> **Exercise objective**
Transcribe the data exactly, omitting whatever pictures it holds.

[Short text fragments from websites]
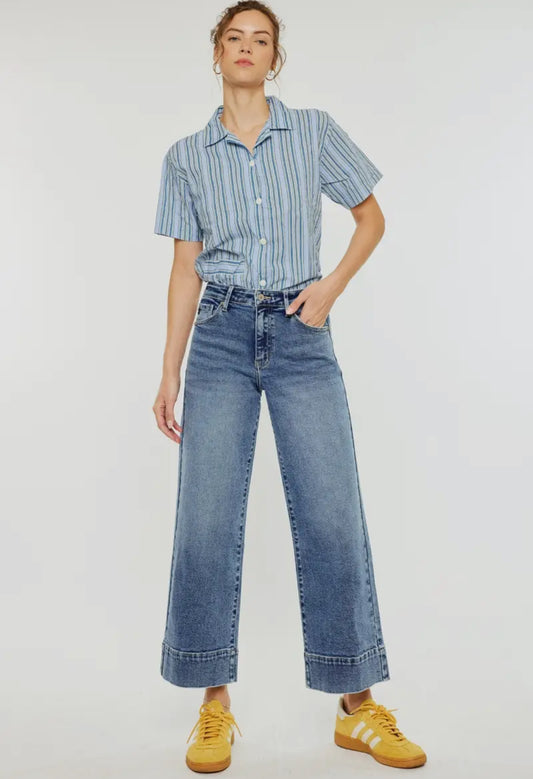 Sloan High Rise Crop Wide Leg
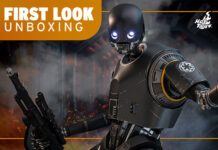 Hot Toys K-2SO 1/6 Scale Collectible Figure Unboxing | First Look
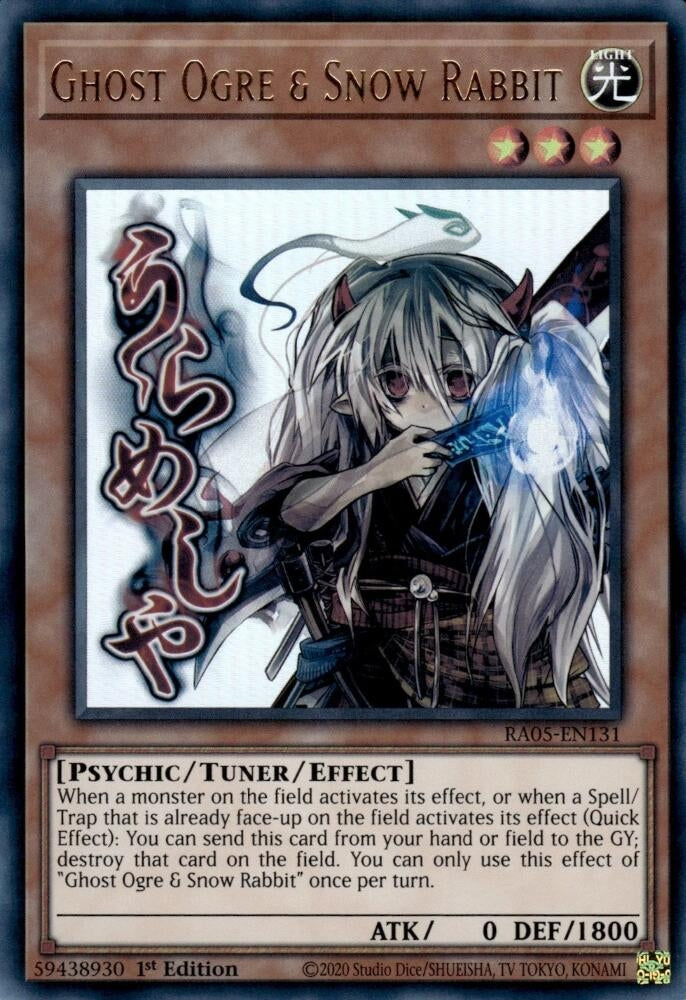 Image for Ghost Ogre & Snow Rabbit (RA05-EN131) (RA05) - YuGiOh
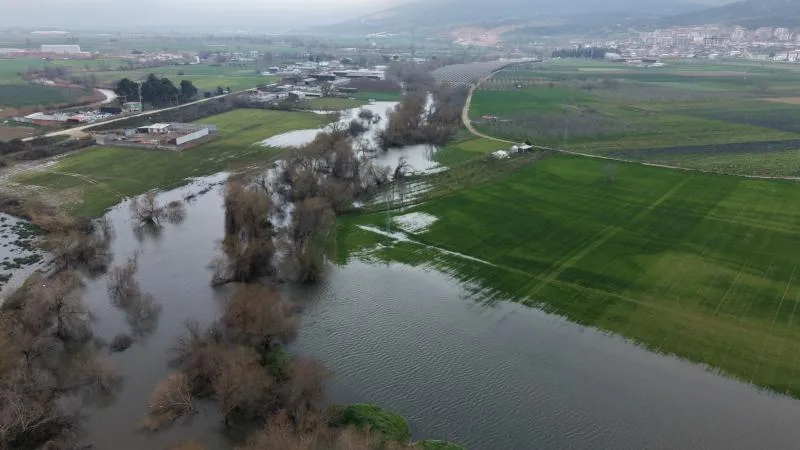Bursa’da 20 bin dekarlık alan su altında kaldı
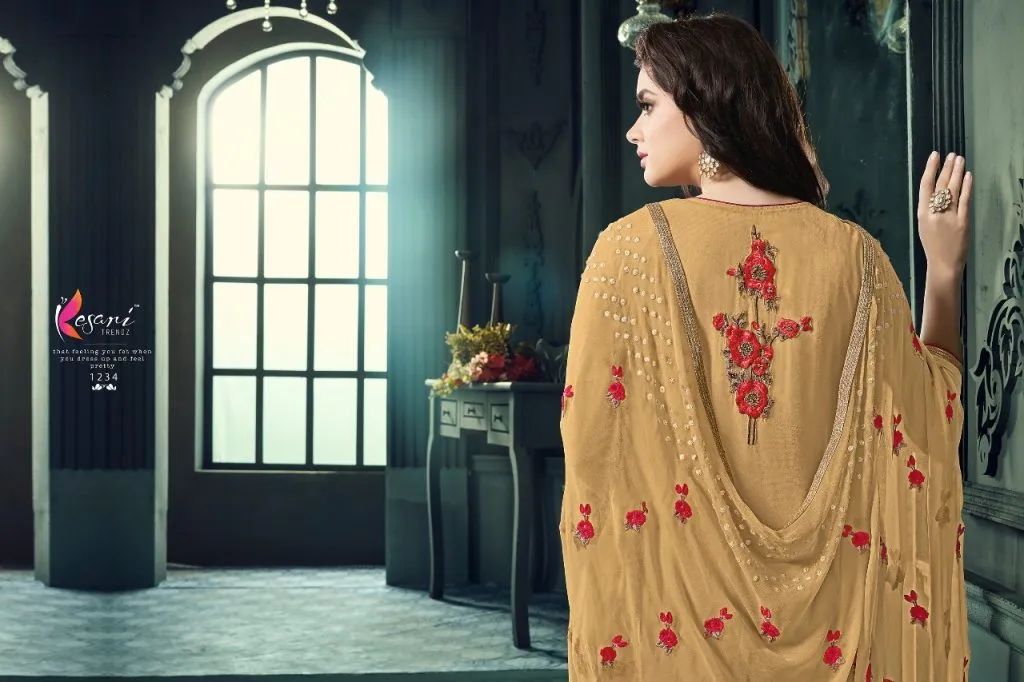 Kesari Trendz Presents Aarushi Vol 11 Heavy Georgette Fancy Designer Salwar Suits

> **Result**
 Sloan High Rise Crop Wide Leg
 Hot Toys K-2SO 1/6 Scale Collectible Figure Unboxing | First Look
 Image for Ghost Ogre & Snow Rabbit (RA05-EN131) (RA05) - YuGiOh
Bursa’da 20 bin dekarlık alan su altında kaldı
 Kesari Trendz Presents Aarushi Vol 11 Heavy Georgette Fancy Designer Salwar Suits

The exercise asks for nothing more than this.